Unfortunately, more people stop being Christians everyday. Besides, as mousse points out above, adultery has always been an issue. 



jbigbesh said:


> Any advice or suggestions would be appriciated. I am obviously not in a good state of mind and I do not want to make a mistake.


The most common mistake is confronting without ironclad, undeniable proof. What have you got?


----------



## barbados (Aug 30, 2012)

"I have relapsed twice and have told countless lies to hide it...."

So you, in effect, cheated on her first. You are a self admitted addict who did whatever it took to get you fix, regardless of what it did to your spouse. And now your mad that she might like someone else ?? Get you ass into rehab and show her your serious about getting clean. Until your clean you can't judge others.


----------



## Machiavelli (Feb 25, 2012)

barbados said:


> "I have relapsed twice and have told countless lies to hide it...."
> 
> So you, in effect, cheated on her first. You are a self admitted addict who did whatever it took to get you fix, regardless of what it did to your spouse. And now your mad that she might like someone else ?? Get you ass into rehab and show her your serious about getting clean. Until your clean you can't judge others.


WTH? Dude, you seem to have an issue with crack, yourself.


----------



## the guy (Aug 3, 2010)

barbados said:


> Get you ass into rehab and show her your serious about getting clean. .

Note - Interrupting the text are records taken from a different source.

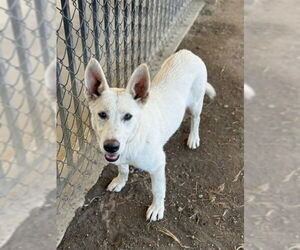 German Shepherd Dog Dogs for adoption in Riverside, CA, USA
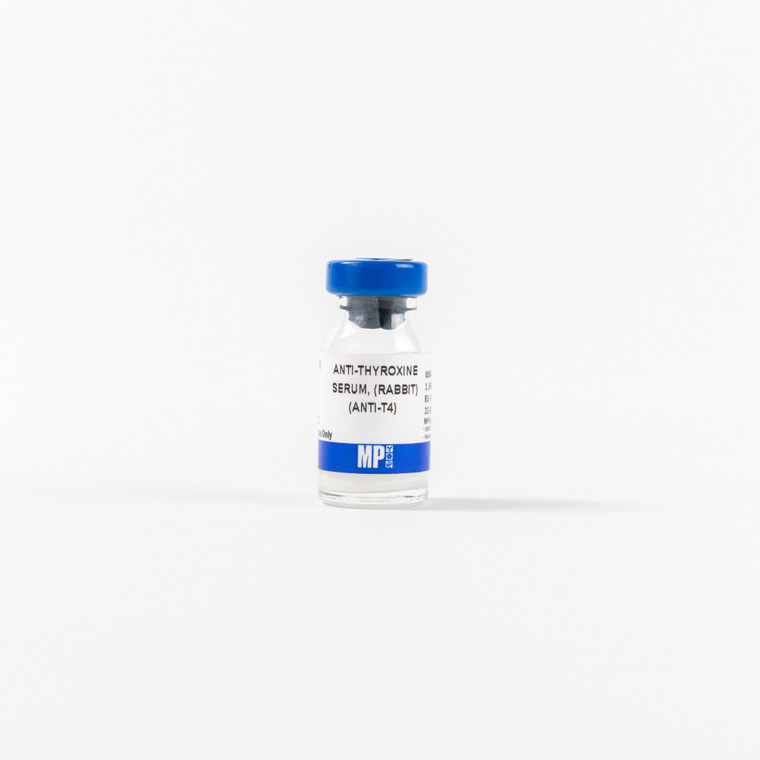 Rabbit anti-thyroxine-BSA antiserum, 1 ML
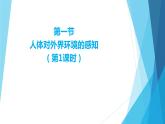 4.6.1人体对外界环境的感知第1课时课件2021--2022学年人教版生物七年级下册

Your wife is not looking at anything you have to show her, Her boyfriend ahs that covered. 

Rehap is all about you and what you want out of life.

Sure it will/ might raise your attraction level up, but until OM is completely out of the picture, you can not compete....you can make her think twice and second guess her choices, but rehap is all about you not her.

Hell you just might find that this women brings out the worst in you after all and bail any way.

Always remember the Om will always have an effect on the dynamics of the marriage even after thaey stop sleeping together and are just friends....right..... until Om is out of the picture forget about it!!!!!!

Do for you what you need to do for you. Work on your self and what ever happens with regards to your old lady is up to her and what *you* want out of an oldlady.

You diserve good things!


----------



## BeenHurt (Sep 19, 2012)

Machiavelli said:


> WTH? Dude, you seem to have an issue with crack, yourself.


I agree, look man, we can't help it sometimes, unless you've been there yourself you can't judge someone who has either.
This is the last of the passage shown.